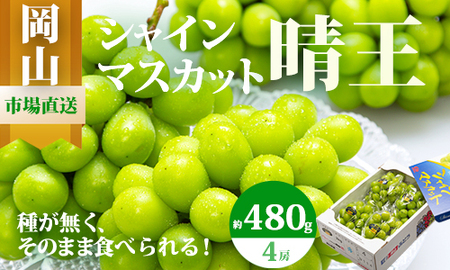 XX-3【令和8年発送・先行予約】岡山県産　シャインマスカット（1房480g以上・約2kg・晴王）4房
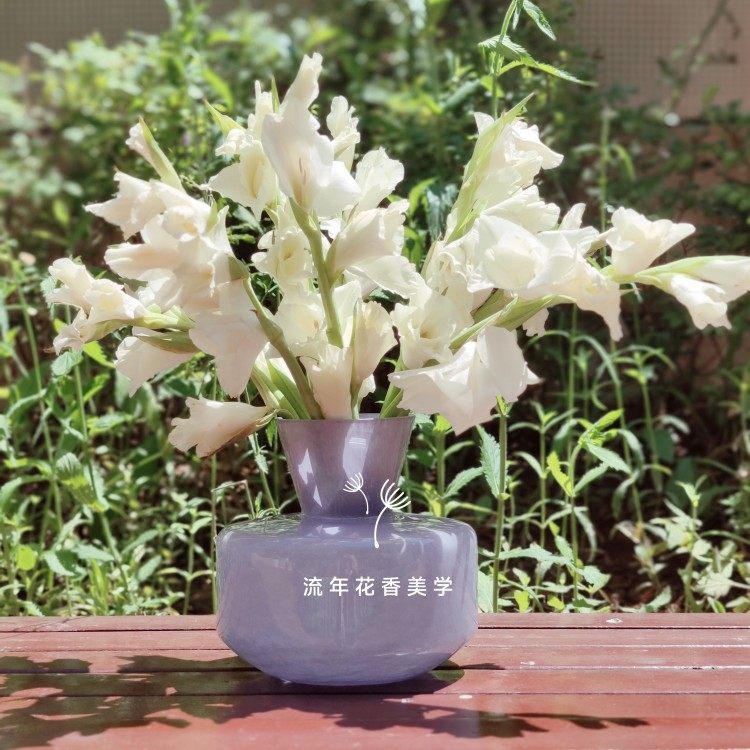 敞口大肚亮瓷紫罗兰粉色绿色手工彩色玻璃花瓶水养插花器家居摆件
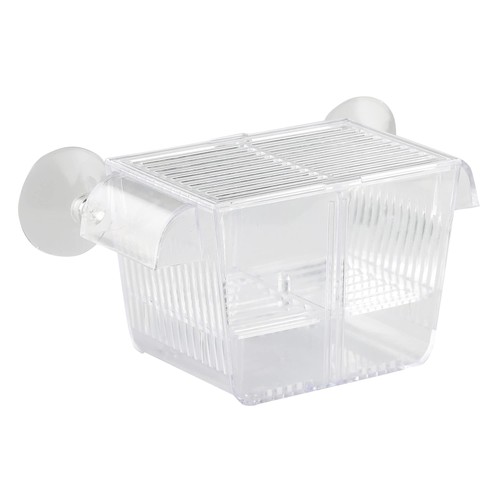 Bassin elevage aquarium - d'elevage,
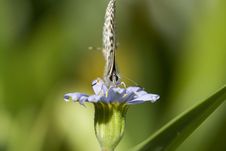 Tiny Butterfly, Head On Macro. Royalty Free Stock Photo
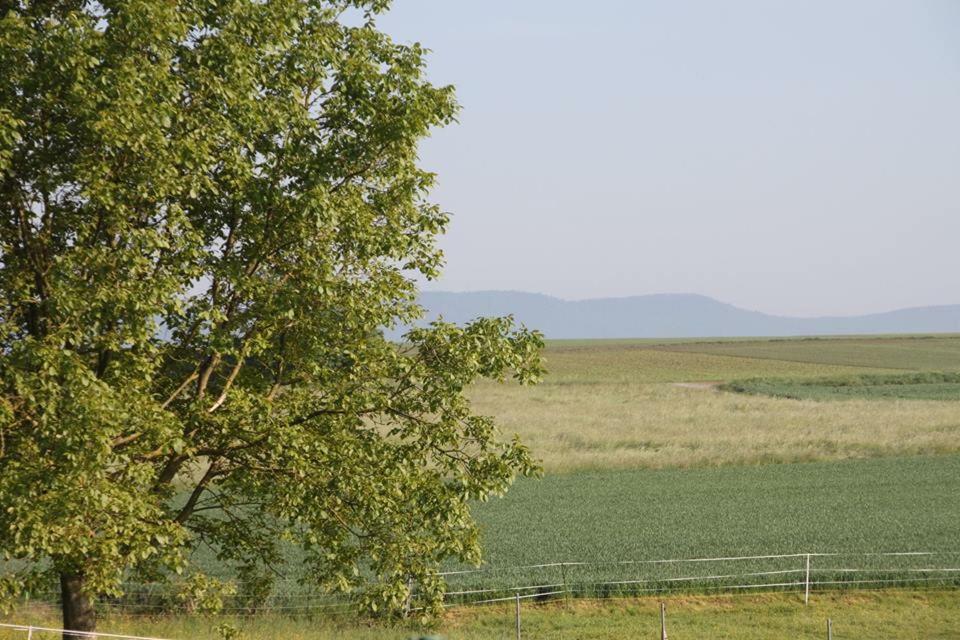 Gite Decouverte Alsace Kuhlendorf Εξωτερικό φωτογραφία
::::
#### Exercise goal
The expected result is the complete listing above, printed exactly, with no pictures.

#### Response area
 XX-3【令和8年発送・先行予約】岡山県産　シャインマスカット（1房480g以上・約2kg・晴王）4房
 敞口大肚亮瓷紫罗兰粉色绿色手工彩色玻璃花瓶水养插花器家居摆件
 Bassin elevage aquarium - d'elevage,
 Tiny Butterfly, Head On Macro. Royalty Free Stock Photo
 Gite Decouverte Alsace Kuhlendorf Εξωτερικό φωτογραφία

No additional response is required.